With the NIH grant, BU investigators and researchers from Pavlov State Medical University in St. Petersburg will implement and assess strategies that have been successful in the United States, but are not typical in Russia, such as educating patients about the dangers and counseling them to reduce their alcohol consumption and other risky behaviors.
The study also may have broader, global implications. “The World Health Organization looks at countries around the world for per capita alcohol consumption, and South Africa and Russia are at the top of the heap,” Samet says. “The fact that South Africa has a lot of HIV as well makes this alcohol-HIV issue of interest internationally.”
The scale of alcohol consumption in Russia is hard for Westerners to imagine.
“Alcohol-related problems are as serious –– or more so –– in Russia today as in the Soviet years,” says Connor. “From long-term pathologies which are a big factor in making male life expectancy disgracefully low for an industrialized country, at around 59 years, to rates of death from acute alcohol poisoning and drunkenness-related accidents, Russia is a world leader.”

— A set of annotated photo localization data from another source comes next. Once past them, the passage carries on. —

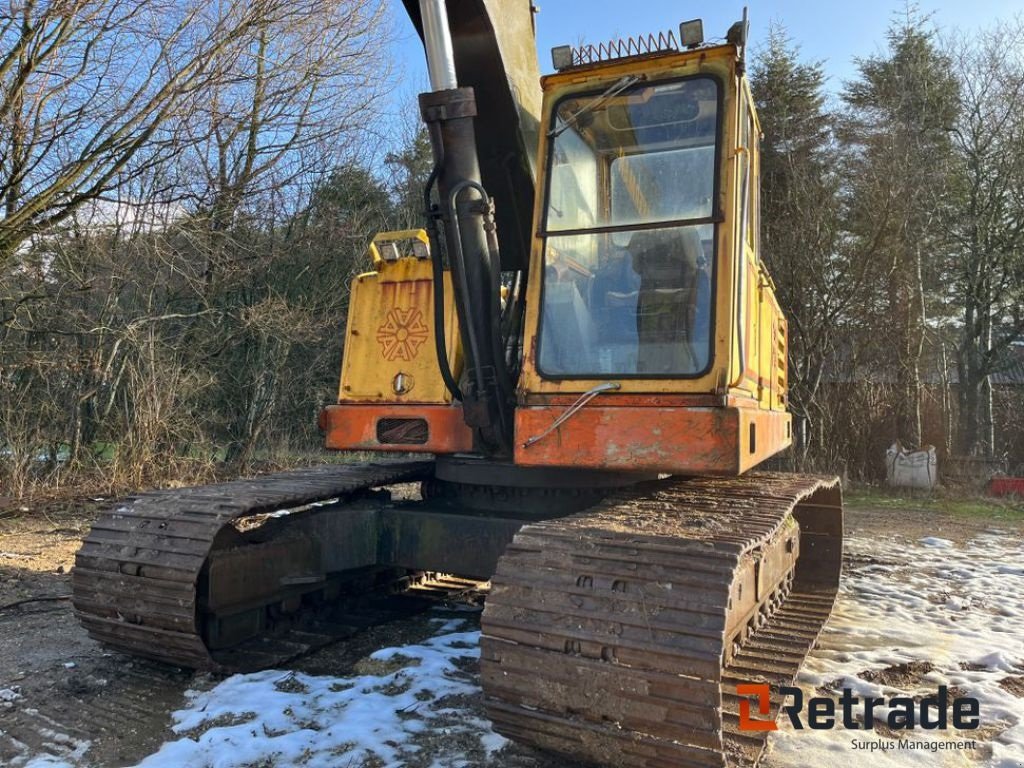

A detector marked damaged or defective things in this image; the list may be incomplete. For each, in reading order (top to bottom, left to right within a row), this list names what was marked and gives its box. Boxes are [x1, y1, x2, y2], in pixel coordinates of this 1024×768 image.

orange rusty body panel [321, 405, 473, 454]
orange rusty body panel [516, 403, 794, 475]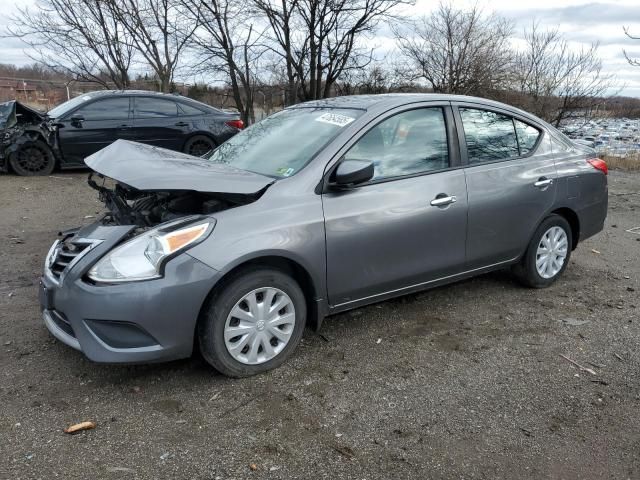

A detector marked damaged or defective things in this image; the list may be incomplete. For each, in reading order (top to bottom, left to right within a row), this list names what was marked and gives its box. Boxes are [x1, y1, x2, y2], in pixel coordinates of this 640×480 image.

damaged front end [0, 99, 58, 172]
crumpled hood [85, 138, 276, 194]
detached headlight [87, 220, 211, 284]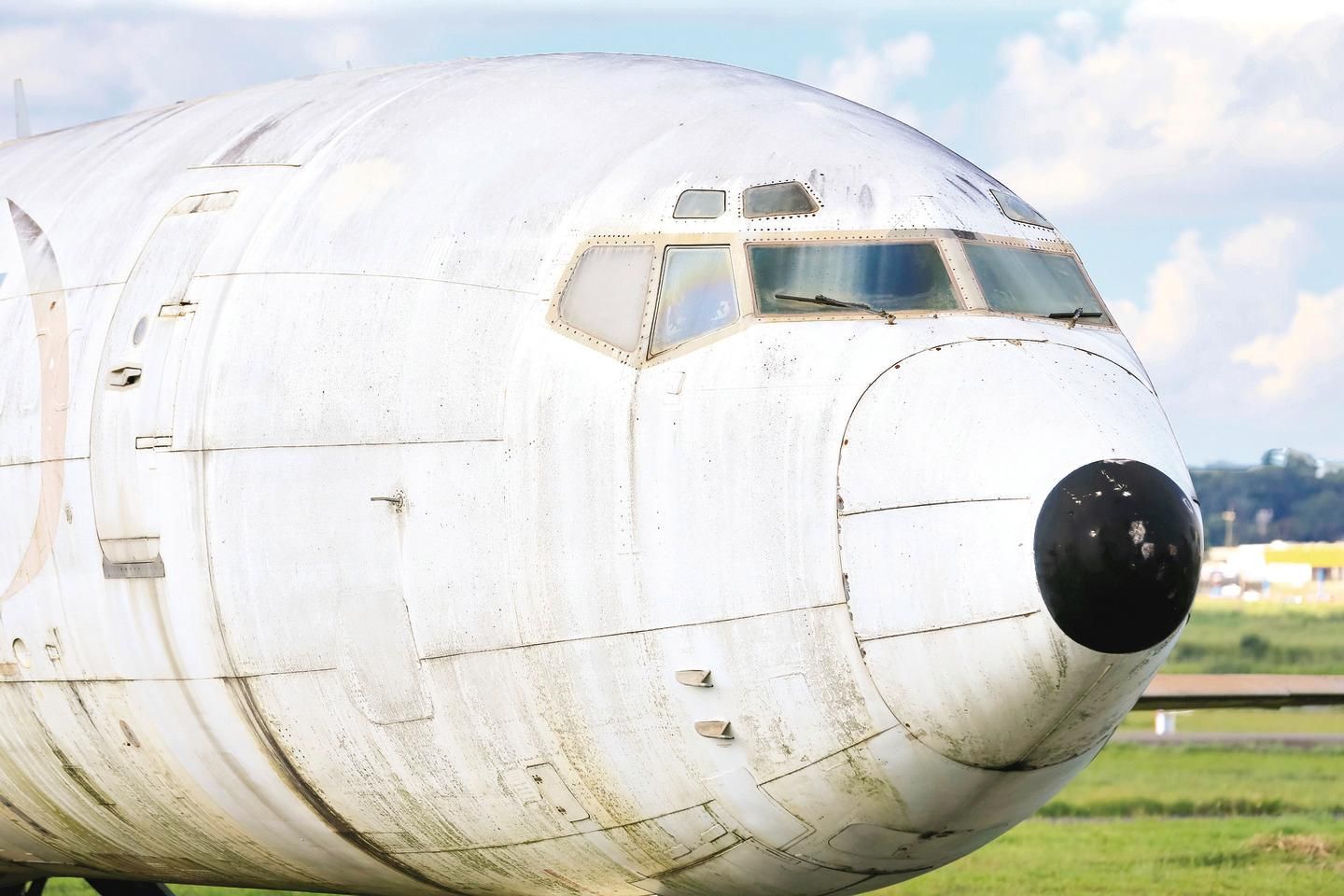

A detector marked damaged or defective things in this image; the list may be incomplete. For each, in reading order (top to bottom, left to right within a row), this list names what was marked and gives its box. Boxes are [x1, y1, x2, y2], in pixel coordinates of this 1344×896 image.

rust stain [2, 197, 69, 601]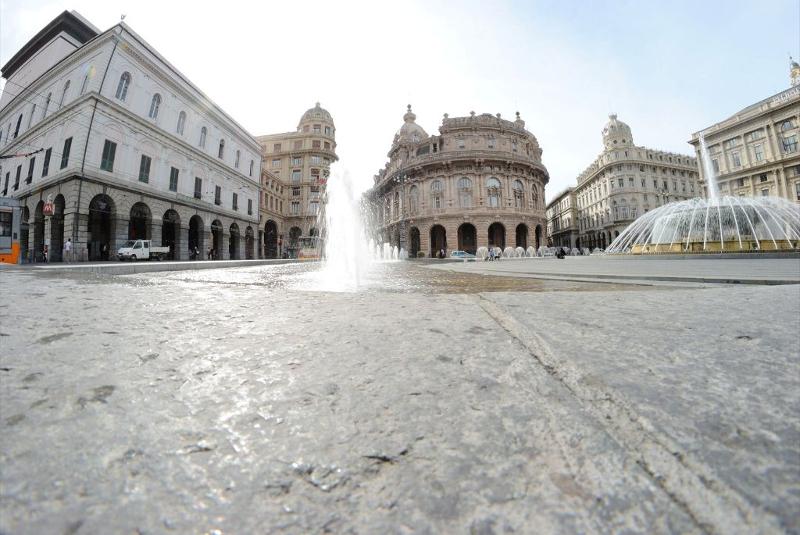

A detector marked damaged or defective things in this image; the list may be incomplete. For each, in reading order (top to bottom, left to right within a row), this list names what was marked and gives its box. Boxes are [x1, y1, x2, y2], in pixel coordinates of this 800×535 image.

crack in pavement [476, 294, 780, 535]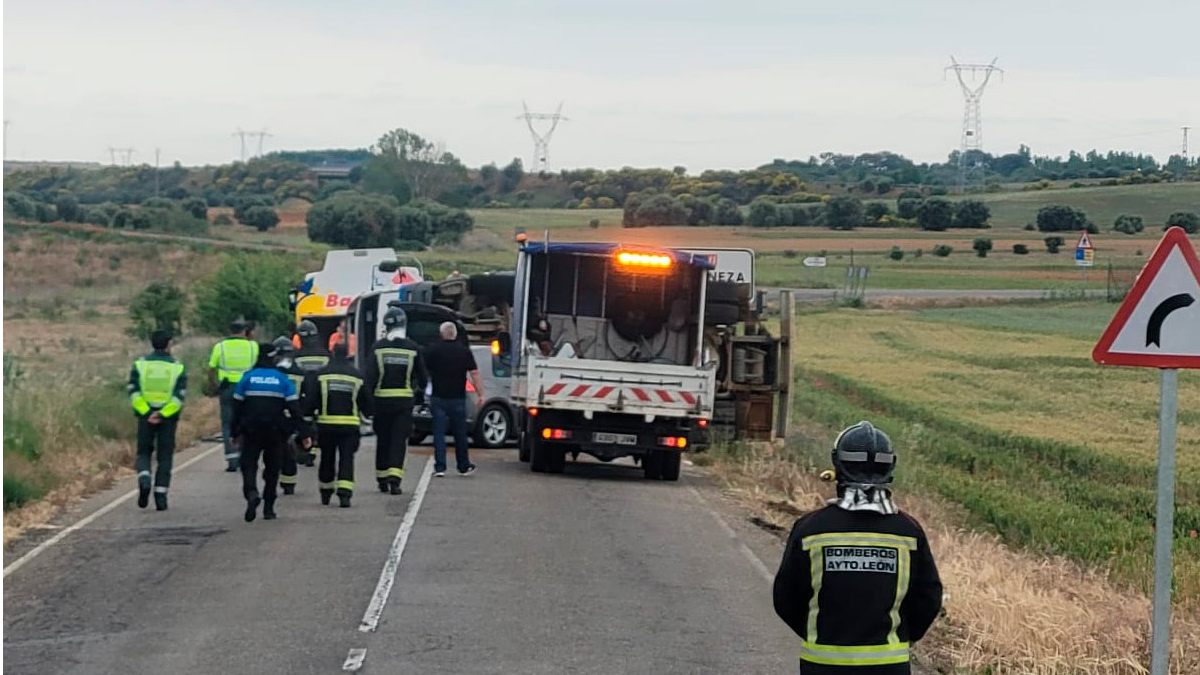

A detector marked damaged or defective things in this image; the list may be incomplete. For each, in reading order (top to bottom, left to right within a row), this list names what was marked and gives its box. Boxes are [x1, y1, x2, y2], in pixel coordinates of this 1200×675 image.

overturned truck [502, 243, 792, 480]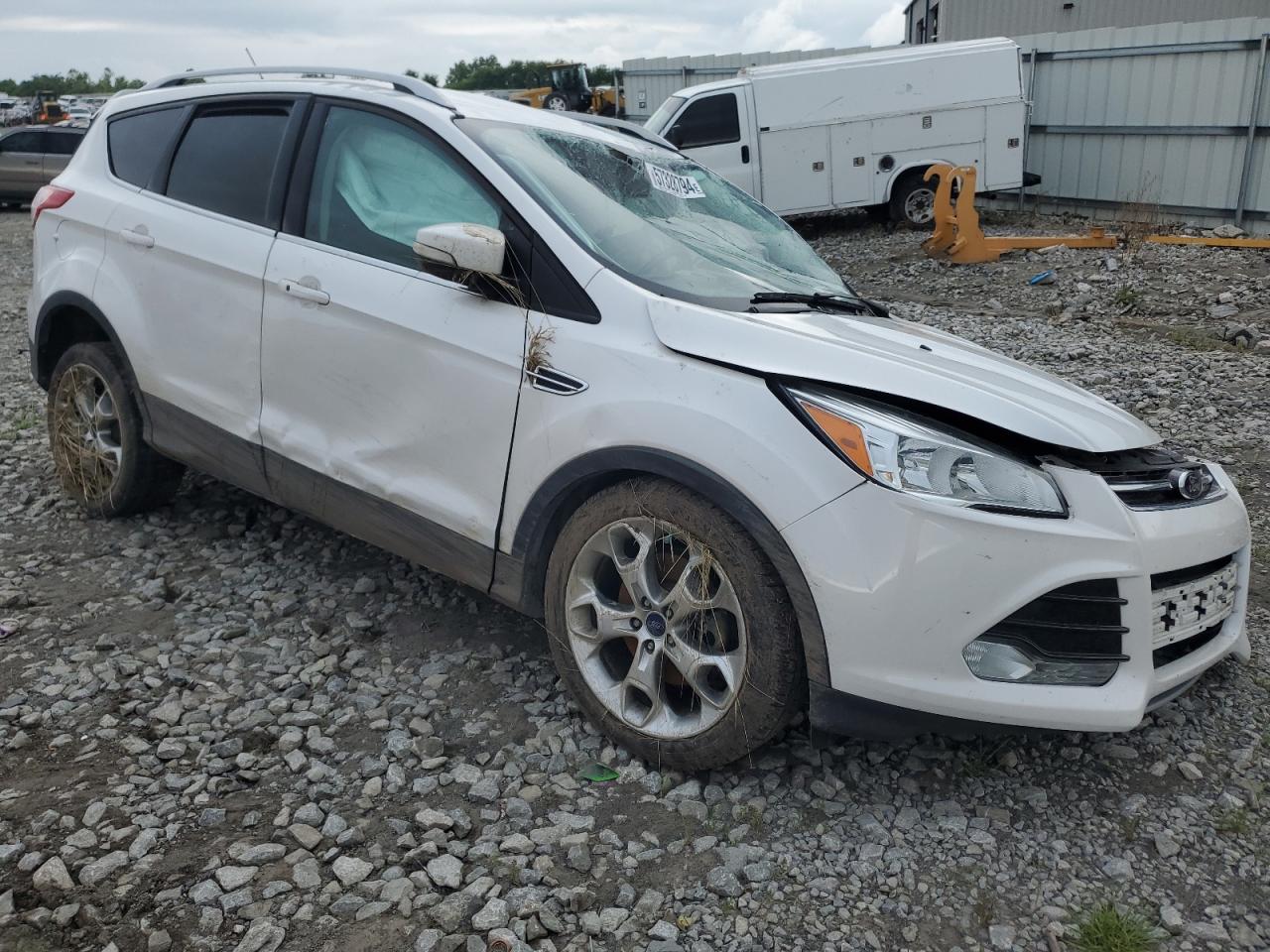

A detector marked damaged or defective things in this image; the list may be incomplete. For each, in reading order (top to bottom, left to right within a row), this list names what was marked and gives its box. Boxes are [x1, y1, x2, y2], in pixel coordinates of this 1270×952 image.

damaged white suv [27, 64, 1249, 767]
shattered windshield glass [461, 117, 848, 306]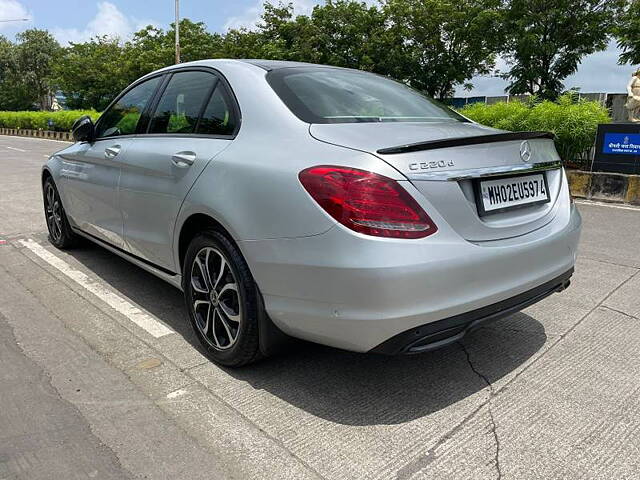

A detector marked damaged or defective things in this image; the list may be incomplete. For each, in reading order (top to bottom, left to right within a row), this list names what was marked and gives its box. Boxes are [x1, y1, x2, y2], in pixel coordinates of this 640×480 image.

crack in asphalt [460, 342, 504, 480]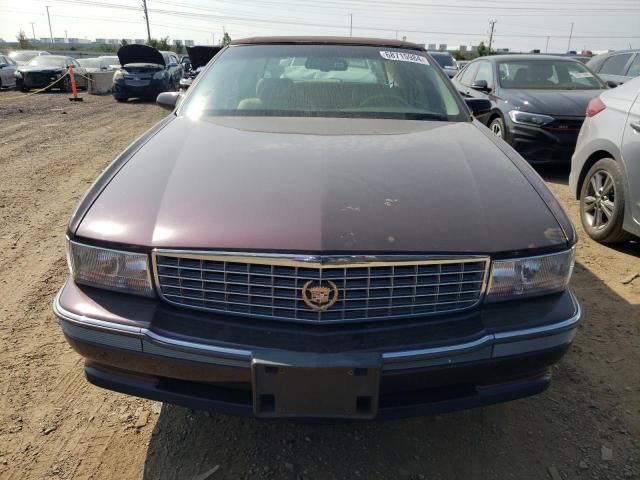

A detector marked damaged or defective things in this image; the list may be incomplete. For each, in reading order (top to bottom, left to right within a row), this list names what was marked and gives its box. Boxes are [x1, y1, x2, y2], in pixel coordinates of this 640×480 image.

missing license plate [250, 350, 380, 418]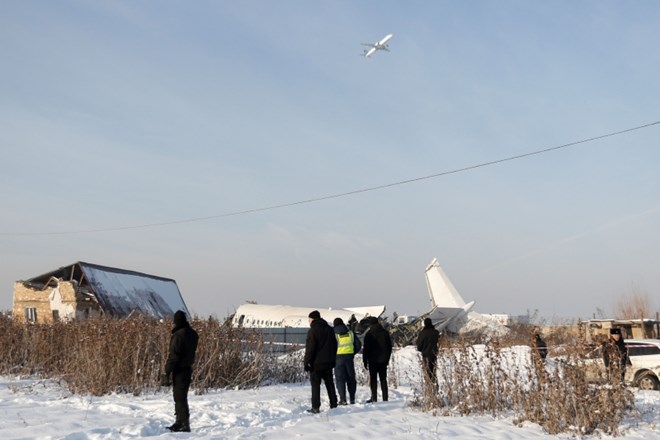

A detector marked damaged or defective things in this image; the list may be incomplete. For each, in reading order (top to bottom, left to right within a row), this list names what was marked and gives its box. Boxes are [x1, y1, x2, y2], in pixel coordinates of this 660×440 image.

damaged building [12, 262, 191, 324]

Additionally, a sharp increase in heroin use over the past decade has contributed to the increase in HIV cases because of shared needles. “In 1997,” says Samet, “there was no HIV among this whole population. Essentially, it wasn’t there.” According to a previous study conducted by Samet and Russian collaborators, the percent of drug- and alcohol-dependent people with the disease that year was zero. By 2001, 33.4 percent of the drug-dependent were infected (1.2 percent of the drinkers who didn’t also use heroin were infected).
And the infection may spread to the rest of the population. “The few [drug users] that may be men having sex with men have a hard time ever admitting it,” says Samet. “There’s a huge stigma around that in Russia.”
Samet is excited about the grant, called HIV’s Evolution in Russia — Mitigating Infection Transmission and Alcoholism in a Growing Epidemic, and “grateful for the opportunity to work with outstanding Russian colleagues,” he says. The two groups will meet twice a year and conduct business via teleconferencing and e-mail. “They are much better than we are — they speak English quite well. We have really crappy Russian,” he says with a laugh.
The other researchers on the study are Anita Raj, an associate professor of social and behavioral sciences in the School of Public Health, Debbie Cheng, an associate professor of biostatistics in SPH, and Tibor Palfai, an associate professor of psychology in the College of Arts and Sciences.